Yusaku Kamekura’s Famous First Tokyo Olympics Poster and its Impact on Japanese Nationalism

My Kamekura Yusaku original 1964 Poster

Yusaku Kamekura designed a series of four posters for the 1964 Tokyo Olympics. The first one was printed in 1961, a simple yet powerful construct of red circle on white, balanced in the bottom half of the poster with the Olympic logo and the words “Tokyo 1964” in gold.

I finally secured one of these vintage posters last week. It is striking in its simplicity. And it struck a chord with the Japanese as well.

While the “Hinomaru” flag has represented Japan on ships and in international events since the late 19th century, the red circle on white was only made the national flag by law in August 1999. Due to the powerful connection to the Japanese state in the war years, the occupying leadership group overseeing Japan’s occupation after the end of WWII – The Supreme Commander for the Allied Powers or SCAP – restricted display of the hinomaru significantly.

But in 1961, as Tokyo Olympic fever was beginning to rise, Kamekura released his red-circle-on-white poster on Japan. He claimed that his design had nothing to do with the Japanese flag. According to the article, Rebuilding the Japanese Nation at the 1964 Tokyo Olympics, Satoshi Shimizu quotes Kamekura as saying:

I drew a large red circle on top of the Olympic logo. People may have considered that this large red circle represented the hinomaru, but my actual intention was to express the sun. I wanted to create a fresh and vivid image through a balance between the large red circle and the five-ring Olympic mark. I thought that it would make the hinomaru look like a modern design.

In my view, it’s a lame explanation as the hinomaru is also a representation of the sun. To say the red circles on the poster and the flag are different is confusing. To most people, what the Kamekura’s fist ’64 Olympics poster represented was Japan’s traditional flag. In fact, as Japan continued to step out of the shadow of post-war subjugation, symbols of Japan’s past continued to make a comeback, as explained by Christian Tagsold in his article, “The Tokyo Olympics: Politics and Aftermath.”

The restoration of national pride that was staged in 1964 involved the deliberate rehabilitation of classical national symbols, especially the tennō himself (the emperor), the hinomaru (or Rising Sun) flag, the kimigayo (“His Majesty‘s Reign”) anthem, and the army. The method of their revival was to free them of their wartime associations and present them instead as symbols of peace. This was made possible by embedding them in the Olympic Games’ own narrative and by introducing new national symbols.

The power of the red-circle-on-white symbol was felt in Okinawa, a part of Japan that had been placed under American military control after the war and was still a US territory in the 1960s. The American government routinely denied requests by schools for example, to fly the hinomaru flag.

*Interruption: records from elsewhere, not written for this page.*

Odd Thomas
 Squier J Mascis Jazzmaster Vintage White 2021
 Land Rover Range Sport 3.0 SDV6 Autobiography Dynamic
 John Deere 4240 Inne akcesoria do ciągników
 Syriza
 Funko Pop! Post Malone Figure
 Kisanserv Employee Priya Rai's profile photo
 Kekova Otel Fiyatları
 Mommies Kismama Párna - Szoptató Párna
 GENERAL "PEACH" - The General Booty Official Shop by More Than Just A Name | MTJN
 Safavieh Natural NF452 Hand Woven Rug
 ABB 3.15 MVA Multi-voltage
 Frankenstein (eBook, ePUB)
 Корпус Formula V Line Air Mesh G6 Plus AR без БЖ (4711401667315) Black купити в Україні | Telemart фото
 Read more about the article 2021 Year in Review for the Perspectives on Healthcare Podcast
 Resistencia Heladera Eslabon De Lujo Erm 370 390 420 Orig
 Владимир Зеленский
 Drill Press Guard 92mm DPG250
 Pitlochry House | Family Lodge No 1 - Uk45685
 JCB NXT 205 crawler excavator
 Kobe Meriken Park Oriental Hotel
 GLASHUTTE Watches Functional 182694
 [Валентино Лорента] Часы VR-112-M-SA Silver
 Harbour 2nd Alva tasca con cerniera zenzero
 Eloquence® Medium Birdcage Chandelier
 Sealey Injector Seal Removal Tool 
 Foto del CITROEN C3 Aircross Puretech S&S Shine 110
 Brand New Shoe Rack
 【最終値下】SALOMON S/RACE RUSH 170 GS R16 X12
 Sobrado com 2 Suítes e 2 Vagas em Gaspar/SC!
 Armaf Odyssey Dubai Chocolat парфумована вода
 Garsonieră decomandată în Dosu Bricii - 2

My Kamekura Yusaku original 1964 Poster 2

And yet, there was, apparently support by the Japanese public for an eventual return of the Okinawan islands to Japan. And since he Okinawa Athletic Association, was recognized as a part of the japan Athletic Association, the Torch Relay Special Committee that the torch relay should take place in all Japanese prefectures, even former ones like Okinawa., according to Shimizu. In fact, they made Okinawa the landing place for the Olympic flame after it completed its Southeast and East Asia journey.

When the Olympic flame arrived in a plane at Naha Airport in Okinawa from Taipei, the headlines claimed that the torch had arrived in Japan. Thousands of torch bearers had signed up to carry the torch for five days in Okinawa, and all of the torch bearers in Okinawa and throughout Japan would be wearing Kamekura’s design on their white tank-top shirt.

In addition, when the first runner pulled into Ounoyama Athletic Stadium after securing the flame at Naha Airport, 40,000 spectators were there to cheer him on, witness the lighting of an Olympic cauldron, the hoisting of the Hinomaru flag, and the playing of the national anthem, Kimigayo.

It would take another 8 years before Okinawa was returned to Japan by the United States, but in 1964, it appears, that thanks to the power of the Tokyo Olympics, and perhaps Kamekura’s famous first poster, the hinomaru flag and Kimigayo had been returned to Japan amidst the golden glow of the Olympics.